The time I spent in the hollows of cutthroat capitalism (profitably plying, believe it or not, the skills I learned while earning degrees in medieval poetry) was, on the whole, surprisingly rewarding. But at age 60, I felt ready again to follow those wild, drunkenly idealistic impulses that had made the academic life seem so worthy and honorable when I was 20.
With some luck, good timing, and recommendations from friends around the university, I found myself back employed by one of my alma maters, as a director of communications. If all goes well, I plan to spend the latter years of my working life at one of those most successful embodiments of practical, sturdy idealism, an American land-grant university.
For the past few months, I've felt a strong pull to report on what university life looks like to one who has found his way back after strange travels outside the village walls. As much as I initially fought the analogy, every time I start to frame my story, I keep finding myself identifying with Rip Van Winkle.
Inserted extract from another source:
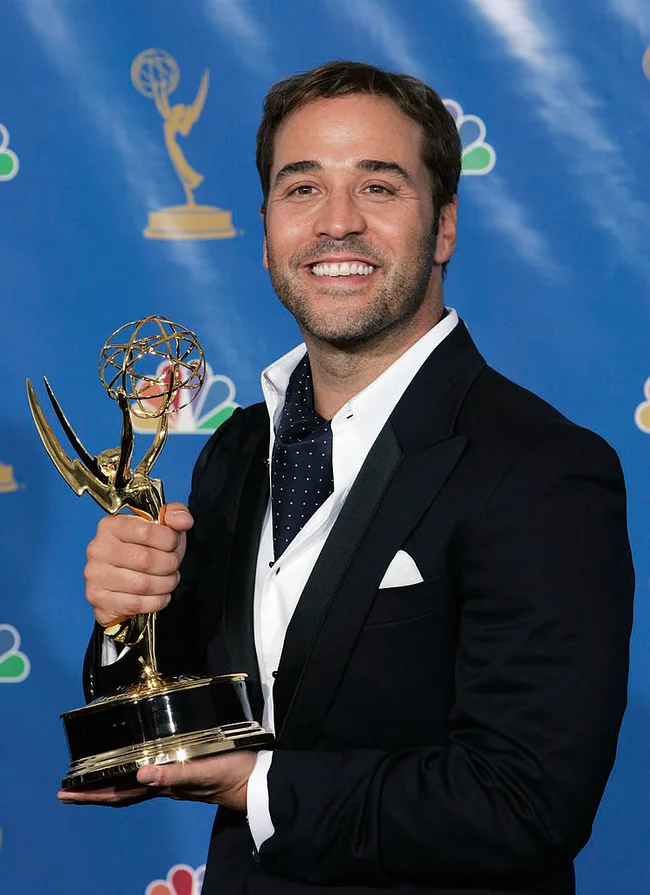 Actor smiling while holding an Emmy award against a blue background with NBC logos.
I fight the analogy, of course, because literary canon makers have long considered Washington Irving's powder completely wet. But in spite of my attempts to shift the story onto more noble or literary ground—say, to T.S. Eliot's insistence that "the end of all our exploring/Will be to arrive where we started/And know the place for the first time"—Rip keeps breaking in to insist that he shape the tale.
To make sure I wasn't shortchanging a story I last read in 1967, when I was 18, I recently dipped back into it. To my surprise, the plot's central joke had somehow changed over the years. Back then (when the proportion of women enrolled in college was half what it is now), my teachers (all male) made sarcastic, misogynistic comments about how Rip is driven to the mountains to escape his carping wife. This time around, I was more taken with the political irony of the story. Rip's two-decade nap allows him to sleep his way through, among other things, the American Revolution. When he stumbles back into the village, which is ablaze with fractious arguments about the latest elections, he immediately outrages his neighbors by haplessly singing the praises of King George III. Rip soon settles comfortably back into his quiet life, though—Irving's nasty irony arguing that, in spite of a revolution, nothing had really changed that much.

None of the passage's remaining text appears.